- _RECORDS FOR THE EXERCISE_
--------------------------------

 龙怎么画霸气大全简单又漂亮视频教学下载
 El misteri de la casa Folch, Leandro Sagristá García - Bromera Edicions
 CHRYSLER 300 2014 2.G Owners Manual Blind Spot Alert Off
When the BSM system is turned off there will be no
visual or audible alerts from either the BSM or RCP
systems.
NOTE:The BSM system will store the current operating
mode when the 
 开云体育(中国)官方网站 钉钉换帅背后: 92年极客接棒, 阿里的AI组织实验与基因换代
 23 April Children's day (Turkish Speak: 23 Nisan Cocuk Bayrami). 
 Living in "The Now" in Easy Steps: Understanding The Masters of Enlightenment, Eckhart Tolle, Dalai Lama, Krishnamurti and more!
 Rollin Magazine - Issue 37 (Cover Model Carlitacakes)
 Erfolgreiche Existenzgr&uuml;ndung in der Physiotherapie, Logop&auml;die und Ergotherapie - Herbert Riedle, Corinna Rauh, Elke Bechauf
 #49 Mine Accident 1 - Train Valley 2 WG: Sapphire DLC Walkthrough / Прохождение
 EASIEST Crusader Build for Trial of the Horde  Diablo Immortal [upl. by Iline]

--------------------------------

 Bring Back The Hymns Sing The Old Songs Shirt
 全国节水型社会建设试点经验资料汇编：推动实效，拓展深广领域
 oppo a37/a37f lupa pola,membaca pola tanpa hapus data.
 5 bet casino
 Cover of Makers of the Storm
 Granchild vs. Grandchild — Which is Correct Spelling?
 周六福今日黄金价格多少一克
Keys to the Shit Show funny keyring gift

--------------------------------

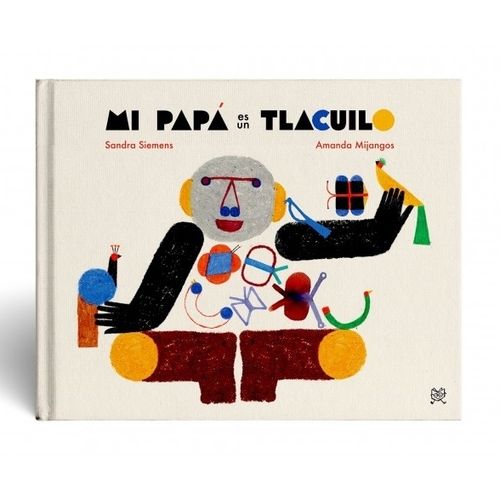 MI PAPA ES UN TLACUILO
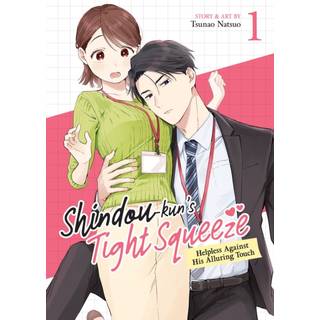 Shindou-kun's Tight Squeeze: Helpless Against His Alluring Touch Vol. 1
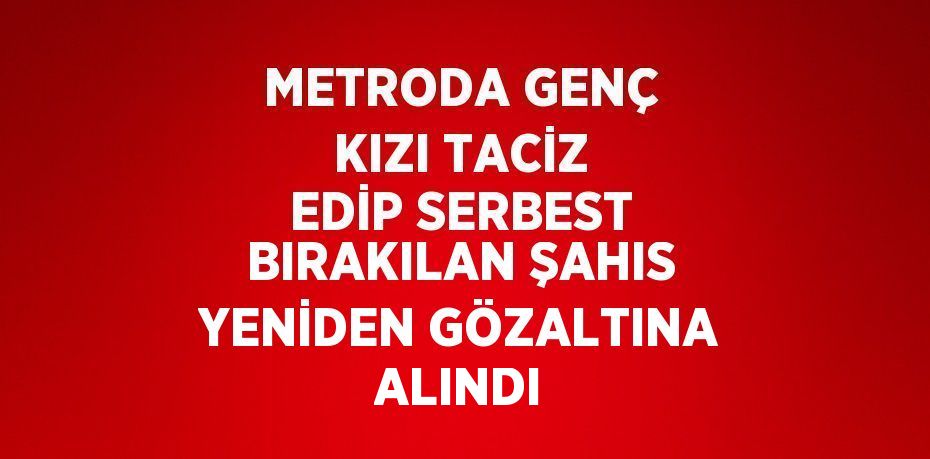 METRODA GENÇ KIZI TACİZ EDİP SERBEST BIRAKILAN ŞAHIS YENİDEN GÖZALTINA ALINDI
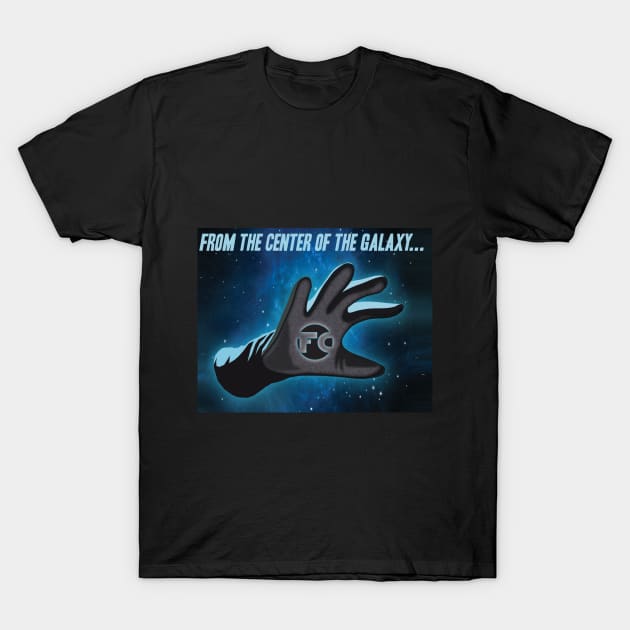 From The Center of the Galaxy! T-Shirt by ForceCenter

--------------------------------

When the line with "Bring Back The" is reached in the data above, begin copying, and stop after the line with "Keys to the Shit Show funny keyring gift"; copy each line exactly, both ends included.

 Bring Back The Hymns Sing The Old Songs Shirt
 全国节水型社会建设试点经验资料汇编：推动实效，拓展深广领域
 oppo a37/a37f lupa pola,membaca pola tanpa hapus data.
 5 bet casino
 Cover of Makers of the Storm
 Granchild vs. Grandchild — Which is Correct Spelling?
 周六福今日黄金价格多少一克
Keys to the Shit Show funny keyring gift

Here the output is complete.